Wann die Ermittler nicht weiterkommen
Schwieriger bis aussichtslos wird es dann, so Alex Kaiser, wenn das Geld ins Ausland fließt. Oder wichtige Stellen – von Banken bis hin zum Versandhändler, über den jemand geprellt worden ist – die Auskunft verweigern, auf den Datenschutz verweisen. Wenn die Ermittler wochenlang auf eine staatsanwaltliche Verfügung warten müssen, damit man ihnen die nötigen Informationen gibt. Wenn ein einfacher Abgleich mit Fällen in anderen Bundesländern allein schon wegen der unterschiedlichen EDV-Programme der Polizei in den einzelnen Ländern scheitert, der Beamte überall anrufen müsste, der Aufwand zu groß ist. Oder Daten einfach nicht mehr vorhanden sind. Beispiel Mobilfunkanbieter. Wer hinter der Nummer steckt, über die ein Betrüger einen Geschädigten kontaktiert hat, ist nach wenigen Wochen schlicht nicht mehr herauszufinden. Die Daten werden gelöscht; wann, das entscheiden Mobilfunkanbieter. Die umstrittene Datenvorratsspeicherung würde oft helfen, Betrüger auffliegen zu lassen, sagt Matthias Wehner, stellvertretender Leiter der PI Schweinfurt.
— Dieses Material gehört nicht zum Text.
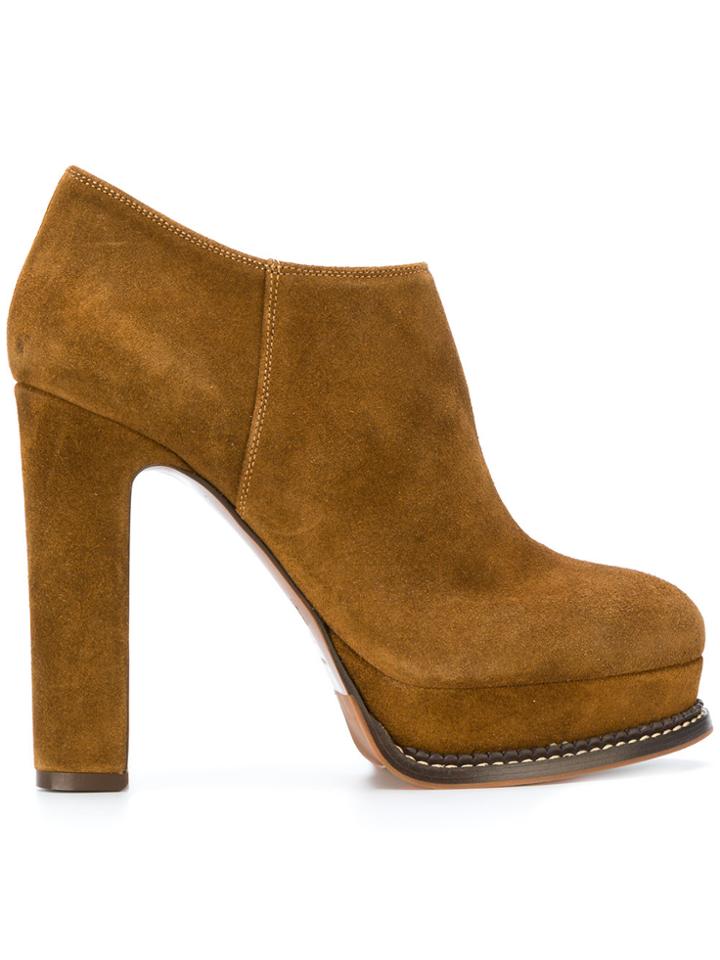 L'autre Chose Platform Low-top Boots - Brown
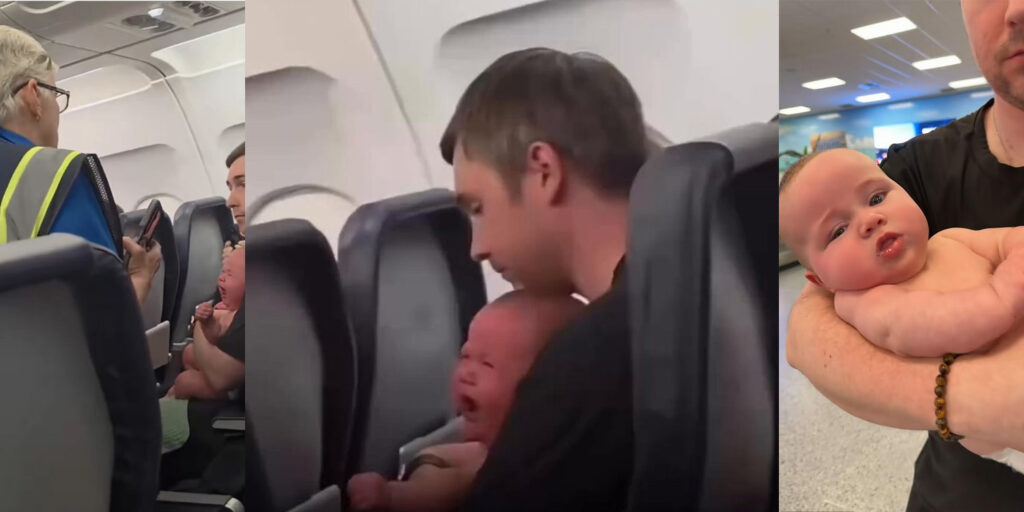 Crying Baby Gets Family Kicked Off Allegiant Flight But Was The Airline Wrong?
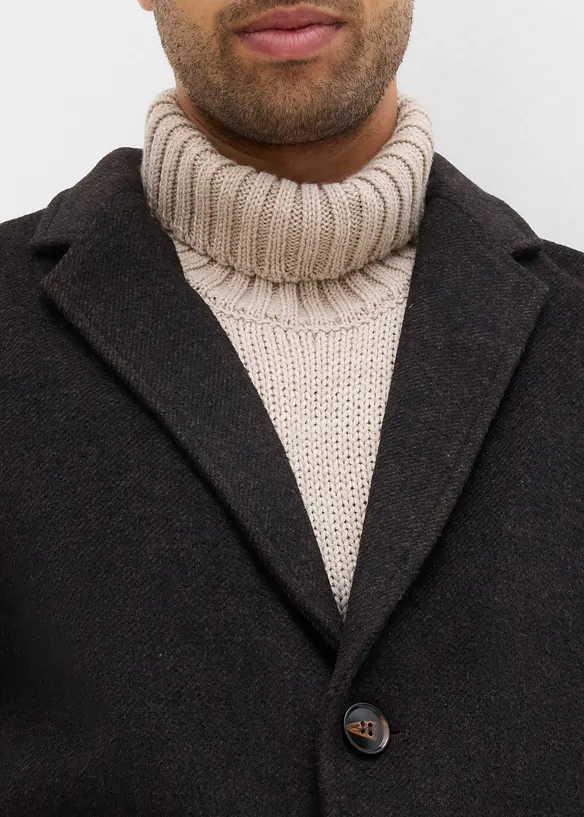 Cappotto corto in misto lana, bonprix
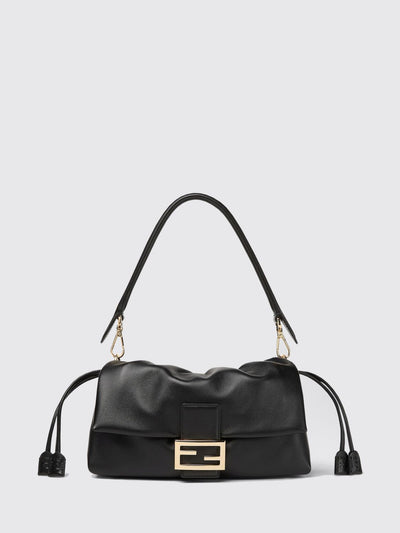 medium baguette lambskin nappa shoulder bag with drawstring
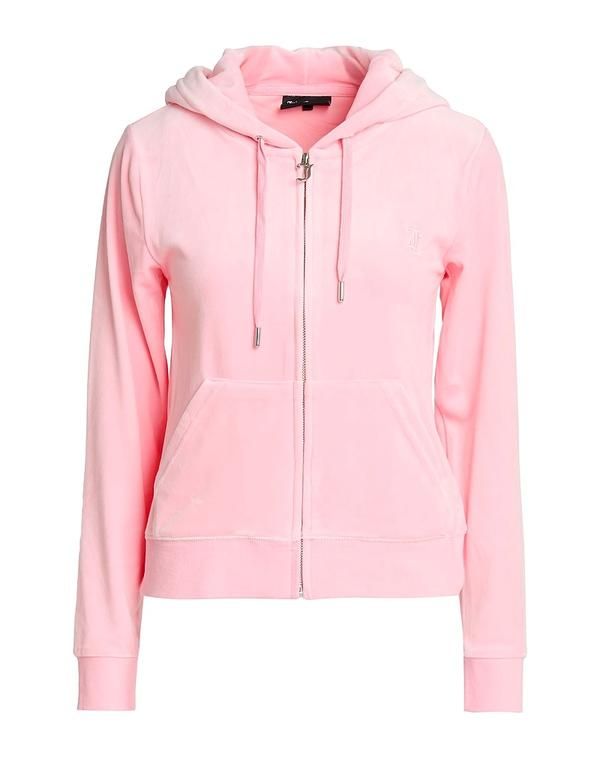 ジューシークチュール レディース アウター パーカー・スウェット JUICY COUTURE Pink ピンク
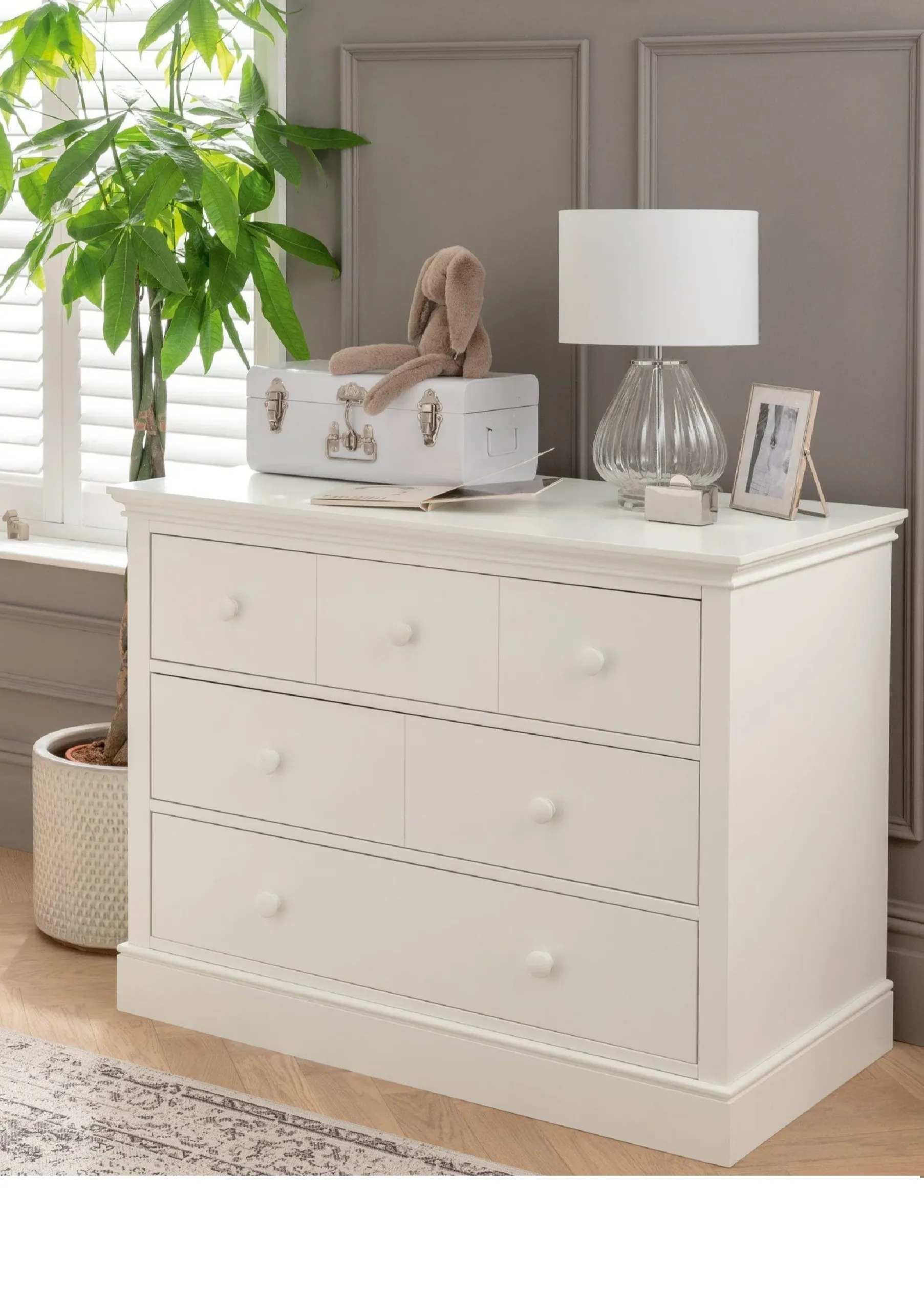 Mamas and Papas Oxford Cotbed, Dresser and Wardrobe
Viele lehnen sie ab, und doch geben etliche von uns im Netz mehr preis als gut ist. Da werden Kredit- oder EC-Karten fotografiert, um vermeintlich bequem Kontodaten weiterzugeben, sogar Ausweise. "Würden Sie in der analogen Welt in einem Geschäft ihren Ausweis liegen lassen oder dem Verkäufer eine Kopie in die Hand drücken?" Nein, würden wir nicht, sagt Detlef Schrenk, Leiter der Ermittlungsgruppe. Sein Tipp: Sich im Netz so zu bewegen wie in der Wirklichkeit. Nicht jedem alles erzählen, kritisch hinterfragen, mit wem man es zu tun hat, immer wieder einmal aufs Konto schauen – wie in den Geldbeutel auch.
Ob es um 17 Euro geht oder um Tausende: Melden soll sich jeder
Würden wir das tun, würde mancher Betrugsversuch scheitern. Doch längst nicht alle. Daten werden gestohlen, auch die von Kreditkarten, ganze Identitäten. Versandhändler akzeptieren ohne großen Nachweis eine Anmeldung, der Betrüger kauft unter anderer Identität großzügig ein, die Rechnung bekommen andere. Zum Beispiel die Geschädigten, die bei der PI Schweinfurt Anzeige erstatten. Inzwischen ist das auch online möglich. Die Polizei ermittelt in jedem Fall, egal, um welche Summe es geht, ob um 17 Euro oder um mehrere tausend. Weil die Polizei dazu verpflichtet ist – und weil hinter der vermeintlichen Bagatelle auch mehr stecken kann. Abzocke im großen Stil.
Dann geht der Fall auf Anordnung des Staatsanwalts an die Kriminalpolizei, die Spezialisten des K 11, zu denen auch Informatiker gehören. Ab 25 000 Euro Betrugssumme ist die Kripo zuständig; außerdem für Fälle, in denen Computer gehackt, Viren gestreut oder Phishing-Mails verschickt werden, um Daten zu ergaunern. Sie sind die eigentlichen Cybercops, sagen die Ermittler der Polizei, die jedem Geschädigten raten, sich unter Tel.: (09721) 2020 zu melden. Schämen muss sich keiner. Denn Opfer von Cyberkriminalität kann jeder werden – und wurde es auch schon, sagen die Ermittler: vom Arbeiter bis hin zum Rechtsanwalt.